There's talking dirty and then there's insulting someone. If your girl is sobbing in the middle of the bed, then refuses to talk to you for two then chances are you did it wrong. Separating the fantasy in the bedroom from the world outside it a very important bit. Also if one thing, like calling her dirty or referencing star trek and Finding Nemo worked for one girl, it may not work for another and she may be offended or think you're weird.

Being part of a fantasy or planning out a storyline can help because you're then talking as another person rather than you. You can be anything, a pirate, a princess, a penguin or something else that doesn't begin with P. Go crazy.
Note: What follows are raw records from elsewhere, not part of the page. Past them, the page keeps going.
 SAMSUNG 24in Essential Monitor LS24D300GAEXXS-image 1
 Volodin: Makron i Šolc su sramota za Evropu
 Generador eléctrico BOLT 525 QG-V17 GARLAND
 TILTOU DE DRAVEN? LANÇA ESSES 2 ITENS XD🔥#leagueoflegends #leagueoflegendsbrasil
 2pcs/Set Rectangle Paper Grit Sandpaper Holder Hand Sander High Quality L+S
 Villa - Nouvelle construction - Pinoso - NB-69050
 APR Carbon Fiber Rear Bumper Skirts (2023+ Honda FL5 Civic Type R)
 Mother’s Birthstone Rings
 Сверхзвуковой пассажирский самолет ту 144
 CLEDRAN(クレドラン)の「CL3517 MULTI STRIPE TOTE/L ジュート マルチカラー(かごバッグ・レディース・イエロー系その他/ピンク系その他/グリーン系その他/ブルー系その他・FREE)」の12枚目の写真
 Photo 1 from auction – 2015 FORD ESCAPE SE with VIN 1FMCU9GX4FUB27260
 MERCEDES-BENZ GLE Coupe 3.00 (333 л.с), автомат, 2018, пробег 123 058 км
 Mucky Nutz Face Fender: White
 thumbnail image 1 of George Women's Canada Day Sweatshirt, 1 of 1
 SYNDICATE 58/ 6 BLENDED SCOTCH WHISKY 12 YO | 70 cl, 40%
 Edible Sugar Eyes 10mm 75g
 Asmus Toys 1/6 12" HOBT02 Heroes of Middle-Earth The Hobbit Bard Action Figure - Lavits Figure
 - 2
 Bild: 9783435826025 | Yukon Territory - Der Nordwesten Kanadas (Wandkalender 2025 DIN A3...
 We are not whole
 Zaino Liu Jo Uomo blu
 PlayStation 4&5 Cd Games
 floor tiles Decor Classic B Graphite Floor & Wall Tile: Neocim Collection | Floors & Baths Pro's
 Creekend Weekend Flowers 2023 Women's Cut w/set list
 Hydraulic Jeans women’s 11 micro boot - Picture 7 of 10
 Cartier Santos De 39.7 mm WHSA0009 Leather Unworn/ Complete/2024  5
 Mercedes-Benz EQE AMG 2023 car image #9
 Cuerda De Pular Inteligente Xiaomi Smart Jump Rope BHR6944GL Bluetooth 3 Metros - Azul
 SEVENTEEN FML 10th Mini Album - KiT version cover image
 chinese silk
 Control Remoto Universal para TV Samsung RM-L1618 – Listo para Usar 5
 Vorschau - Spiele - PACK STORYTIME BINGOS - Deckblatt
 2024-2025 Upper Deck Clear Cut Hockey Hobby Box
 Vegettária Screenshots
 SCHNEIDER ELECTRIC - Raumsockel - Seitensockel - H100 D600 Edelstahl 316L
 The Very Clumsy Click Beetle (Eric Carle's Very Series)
Another thing to decide is to make sure you use words that you are both comfortable with. And find out before you say the word 'pussy' and your girlfriend runs screaming from the room.

The thing is to try things out. It might not even work for you. But for the love of God, do not use words that make you want to gag, like flaps, oozing or the word that makes-me-want-to-hurl-myself-off-a-cliff-rather-than-hear-it-again - 'Moist,' This will ruin the mood on so many levels you might not have sex again. Ever.